Hi - we have a 4 month old cockapoo who is crated at night. Since day 1 he has been absolutely wonderful with dry nights nearly all the time (except from the very early days, and that was only 2 or 3 nights). However, the night before last he fouled all over his bed and puppy pad and last night he wee'd on his puppy pad. I havent done anything differently to make him do this. I have still been taking him out to the toilet just before bed and we are coming down the same time in the morning. Any advice as to why he has just started doing this?


----------



## kendal (Jul 16, 2009)

hey i deleted you duplicate post in puppy place as it had the least post and we wouldn't have people posting the same advice in two threads. 


how big is his crate, i personally don't like putting puppy pad in crates as i feel it gives the wrong message to the dog, as you teach them that the toilet on the pad then put it in their bed means its OK to toilet in their bed. but that might just be me. 
a crate should only have enough room for the do to stand up and turn around and lie down comfortable in. 

did you feed him later than normal or did he not toilet on the walk before bed. was his toilet runny or softer than usual. it could be he has an upset tummy and couldn't wait but didn't let you know he needed out. 

i wouldn't worry to much if this is the only time he has done this it could be a complete accident and he just really needed to go. 

if this does continue over the next couple of nights or becomes more of a regular occurrence although not every night, i would suggest feeding him early earlier and insuring he does toilet before bed. 
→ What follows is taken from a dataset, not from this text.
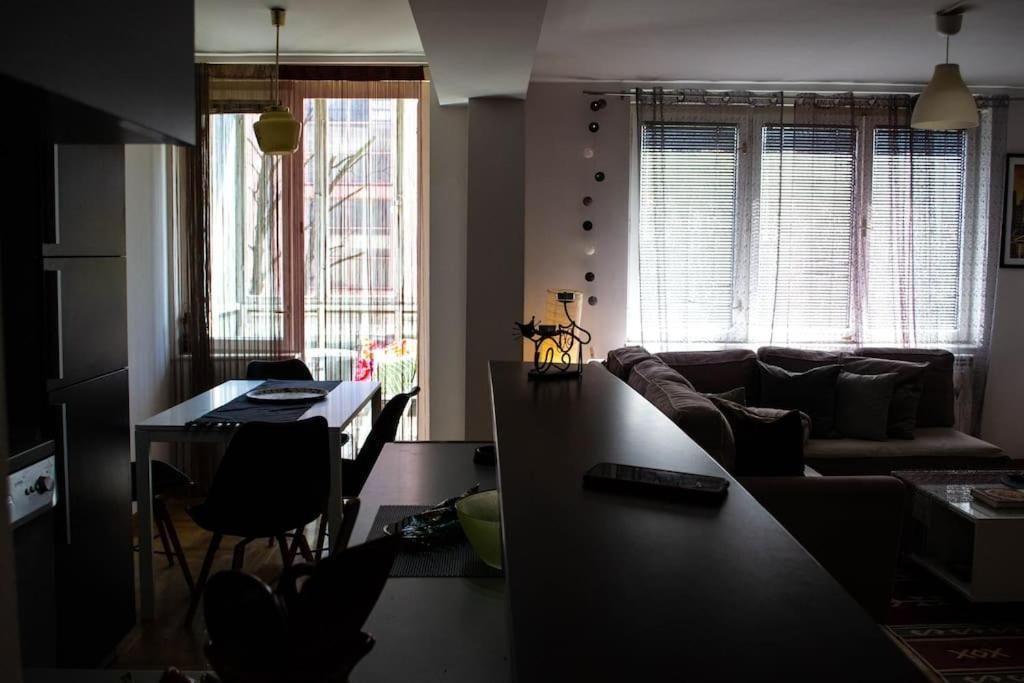 Apartment Udoban I Moderan Stan U Sarajevu.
good luck let us know how you get on.


----------



## Enneirda. (Mar 5, 2010)

When do you take up his water? Ideally you will draw his attention to it in case he wants a sip, then put it up about three of four hours before bed.

Did you tire him out good before bed both days? If he get's up in the night because he's not tired, he would have to go.
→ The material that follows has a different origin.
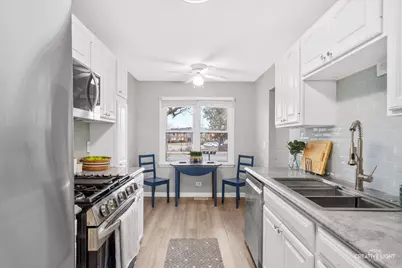 6S422 Naper Boulevard, Naperville, IL 60540 - Photo 6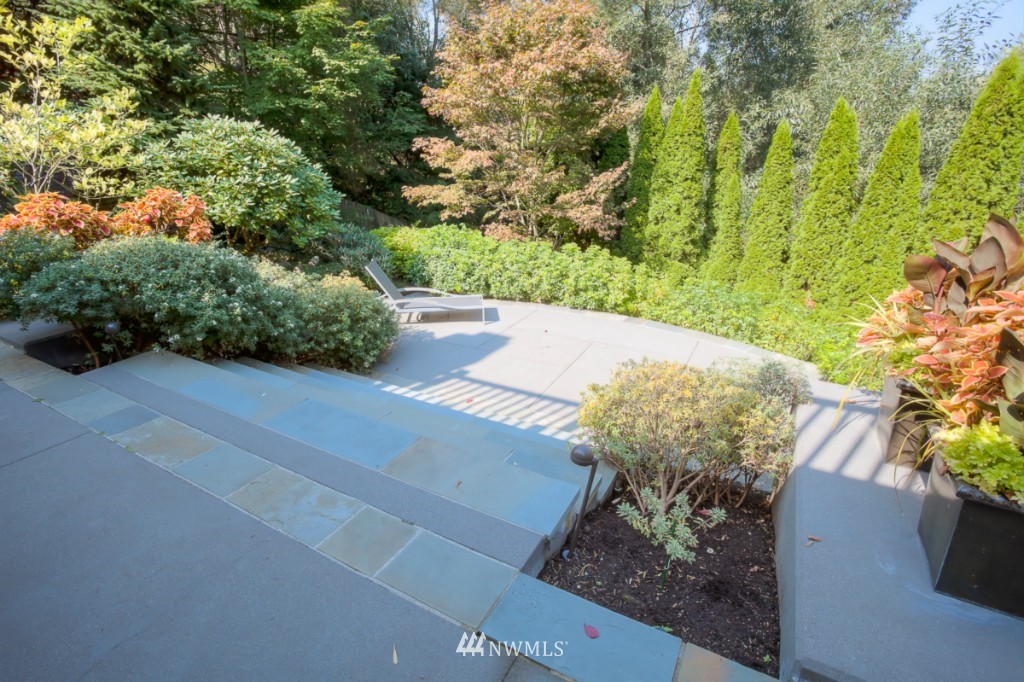 8488 Hunts Point Lane Hunts Point, WA 98004 - Photo 10 of 25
I agree with Kendal, make sure the crate is just big enough so he can lay down comfortably. Also take the bed and pad out and give him a easily washed thick towel instead. If the dog bed keeps any smell at all, he'll use it again so I'd wait to give it to him until he's older.


If it continues after you try these, you'll have to wake up in the night. No habit is worst then going in there crate. Good luck!


----------



## Stacey (Mar 3, 2010)

Hi there - thanks for your advice. i think it was an "one off" as he hasnt done it again. I do need to know though when i should stop crating him altogether. He is now 4 months old and we are going away in the Summer when he'll be 7 months. The lady he is staying with doesnt have room for the crate and says that she'll be happy for him to sleep in his basket/blanket in her room with her. Should I try and wean him away from the crate slowly, ie. initially leave the door open at night so he can roam around the kitchen and then gradually bring in a basket and see if he starts to sleep in that or is it still too early. He does love to go in it at night and in the day. I think this is a tricky one !!


----------



## kendal (Jul 16, 2009)

my Gypsy and Inca are 3 years old and Echo is 19 months they all still sleep in their crate together. 
you could leave the door open and see if he comes out at night, then fold the crare down and putting his bedding ontop of it. 


just go with what you tink and see how it goes. its up to you where he sleeps.


----------



## merry (Feb 4, 2010)

I wouldn't stop crating him at all until he is 100% house trained. That just sounds like a recipe for disaster.


----------